→ Problem description
Take the lines below from the one with "Un'area patio con" through the one with "Свежая идея для" and retype them exactly. Include nothing else, and no pictures.

→ Supplied material
***

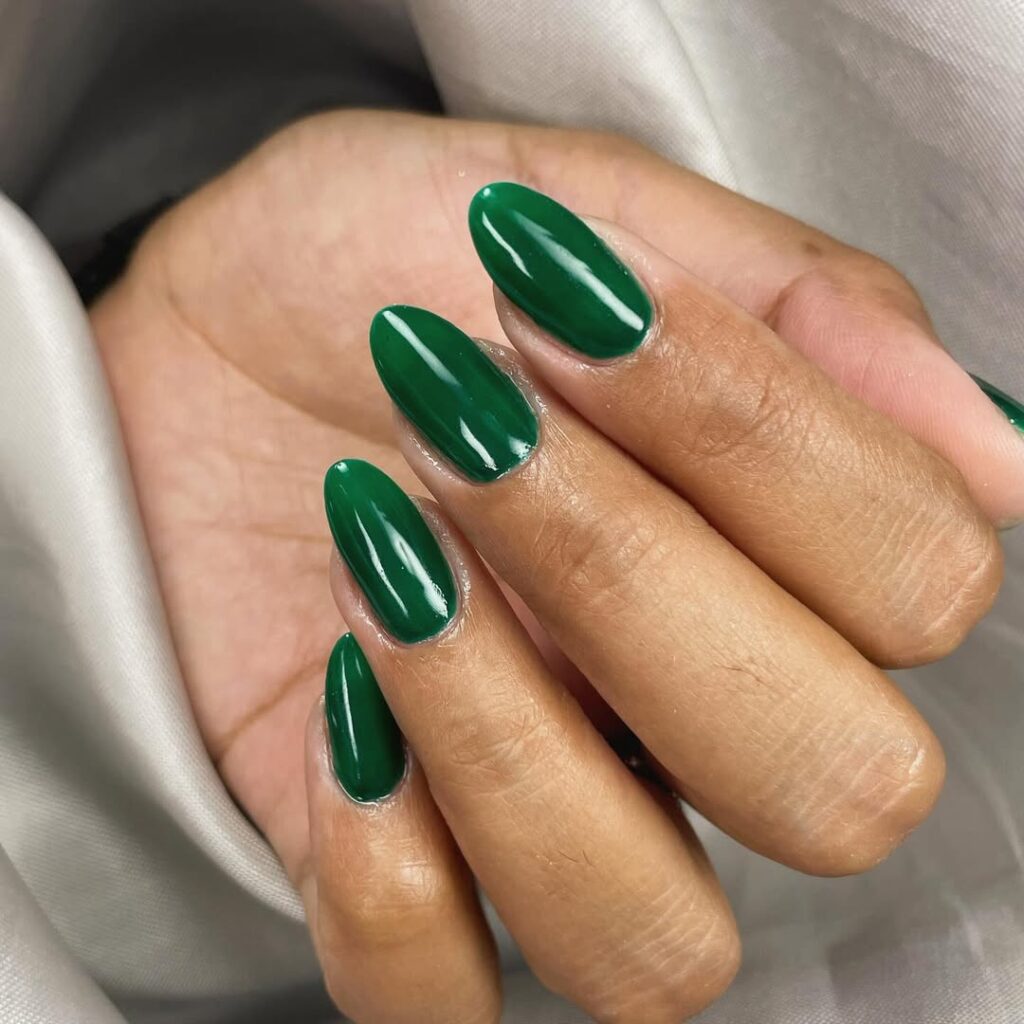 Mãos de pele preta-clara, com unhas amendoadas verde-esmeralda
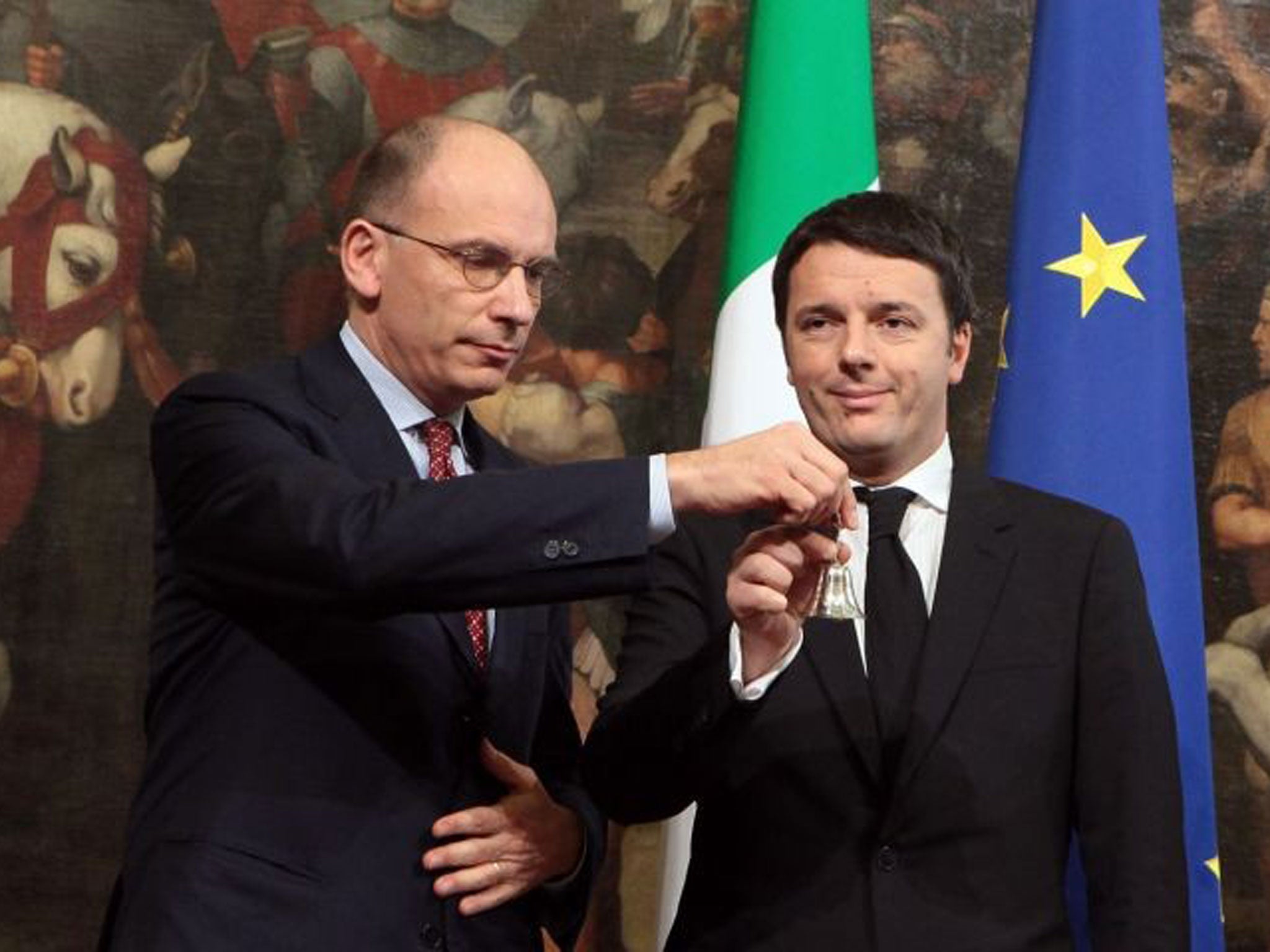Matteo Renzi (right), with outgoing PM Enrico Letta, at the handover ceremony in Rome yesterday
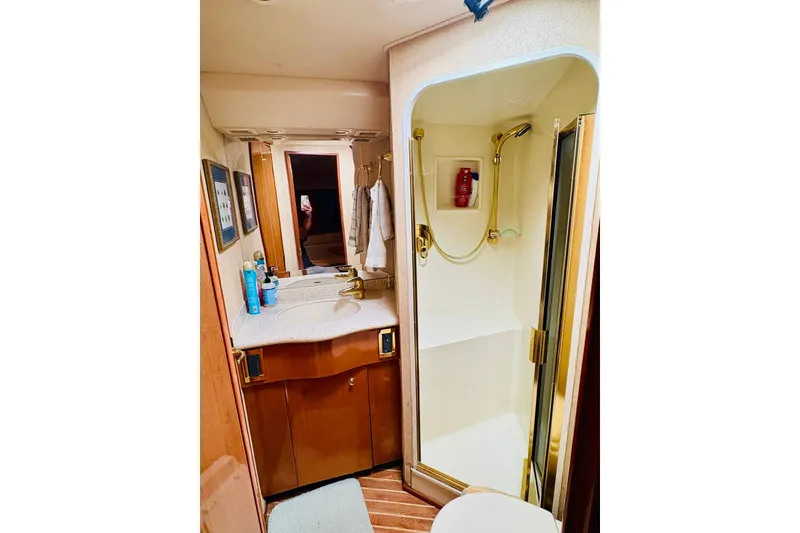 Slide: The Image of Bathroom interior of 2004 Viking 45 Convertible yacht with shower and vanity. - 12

***

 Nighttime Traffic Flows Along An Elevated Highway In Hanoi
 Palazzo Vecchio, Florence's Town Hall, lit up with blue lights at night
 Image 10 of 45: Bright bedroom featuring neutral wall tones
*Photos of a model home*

***

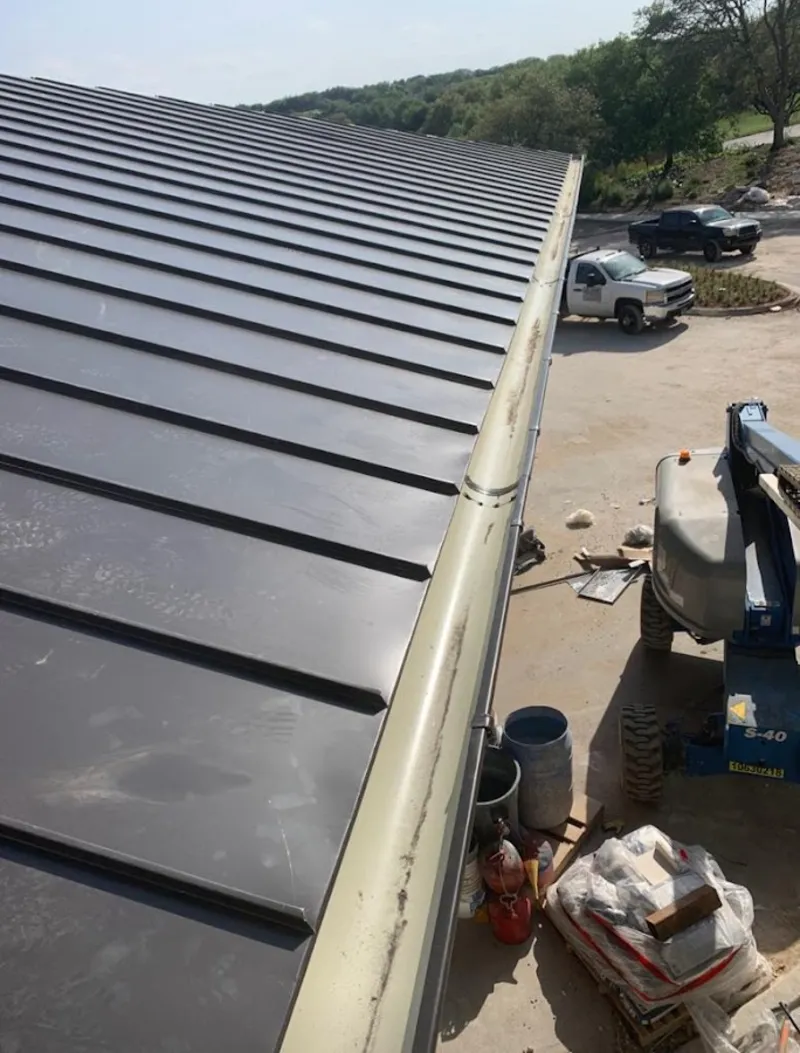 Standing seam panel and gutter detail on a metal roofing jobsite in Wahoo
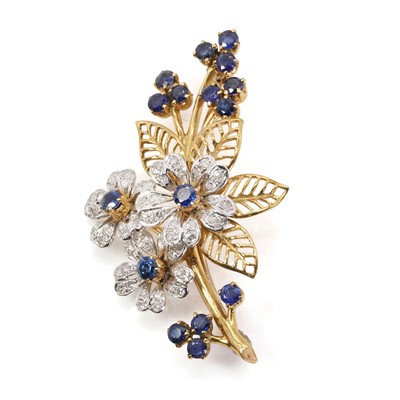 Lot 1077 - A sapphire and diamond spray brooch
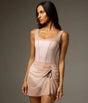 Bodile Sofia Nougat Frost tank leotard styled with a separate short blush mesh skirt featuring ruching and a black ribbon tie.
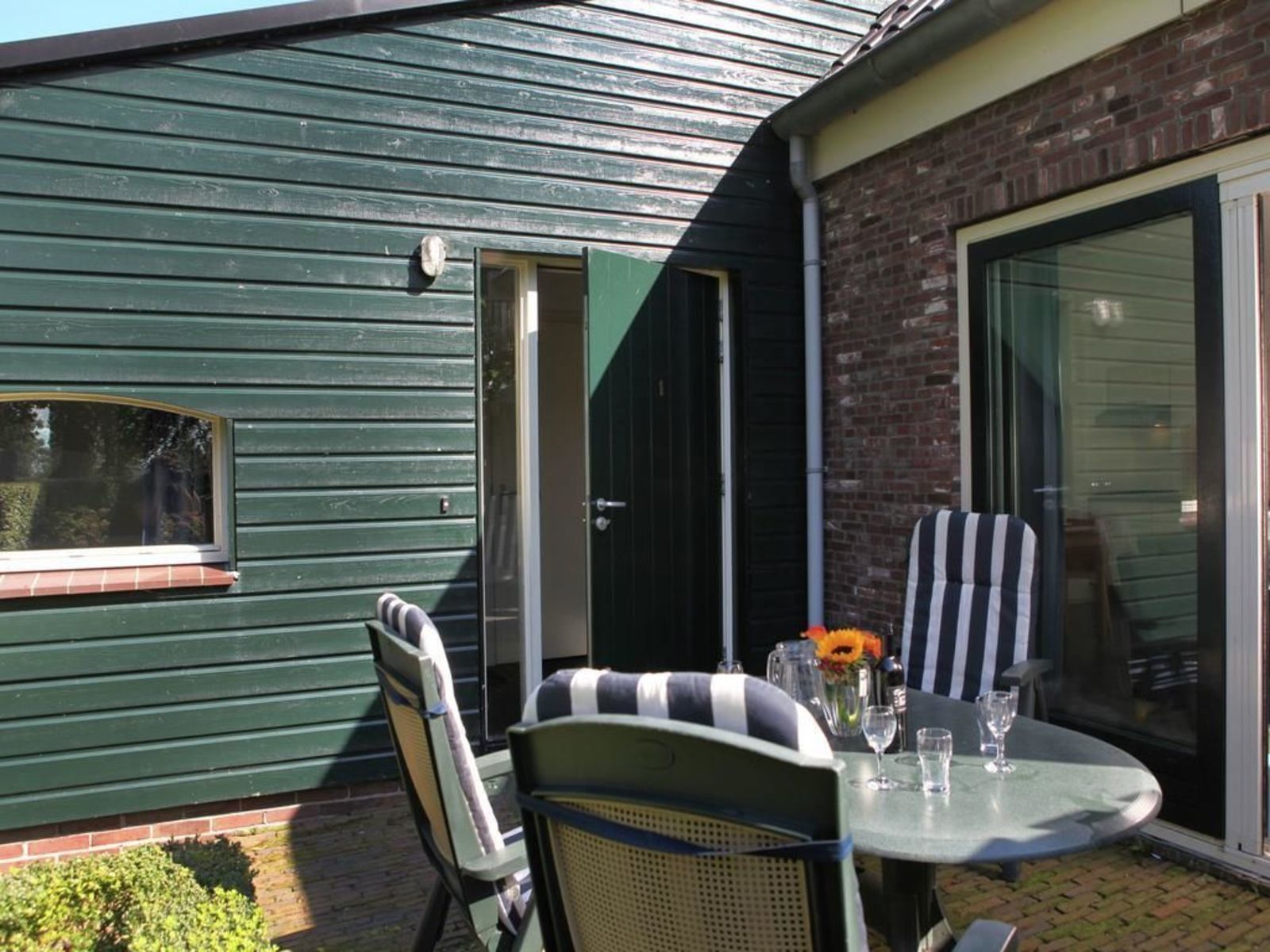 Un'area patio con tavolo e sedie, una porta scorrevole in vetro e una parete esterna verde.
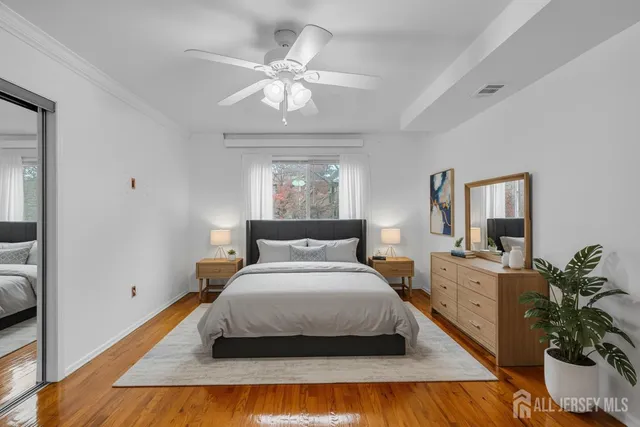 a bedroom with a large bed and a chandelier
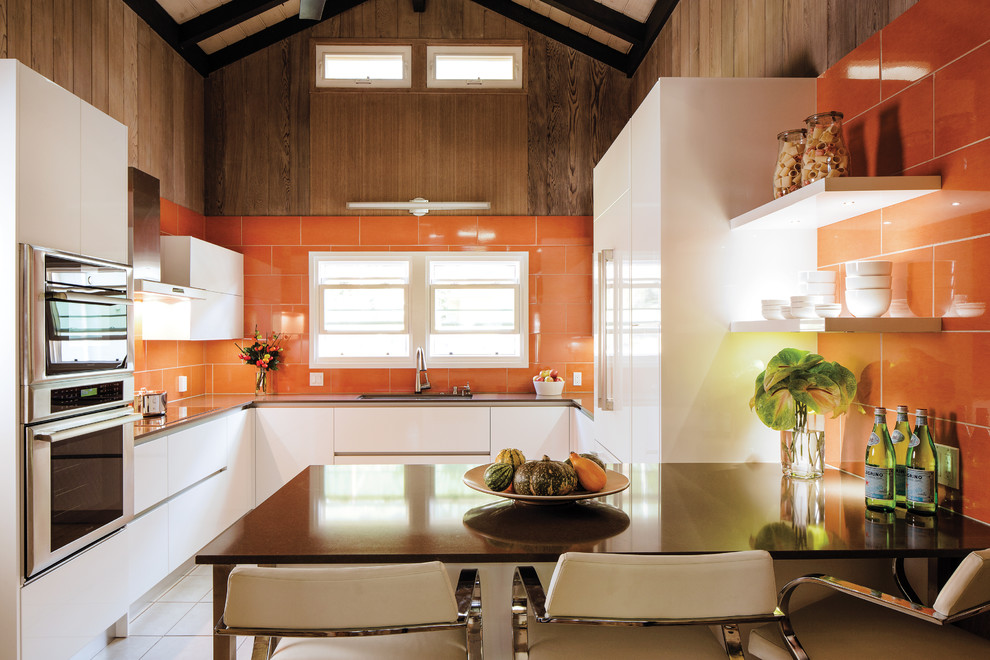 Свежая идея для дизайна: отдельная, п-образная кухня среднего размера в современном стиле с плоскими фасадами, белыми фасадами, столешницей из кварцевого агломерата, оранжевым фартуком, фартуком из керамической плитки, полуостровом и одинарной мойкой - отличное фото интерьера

***

→ Response
 Un'area patio con tavolo e sedie, una porta scorrevole in vetro e una parete esterna verde.
 a bedroom with a large bed and a chandelier
 Свежая идея для дизайна: отдельная, п-образная кухня среднего размера в современном стиле с плоскими фасадами, белыми фасадами, столешницей из кварцевого агломерата, оранжевым фартуком, фартуком из керамической плитки, полуостровом и одинарной мойкой - отличное фото интерьера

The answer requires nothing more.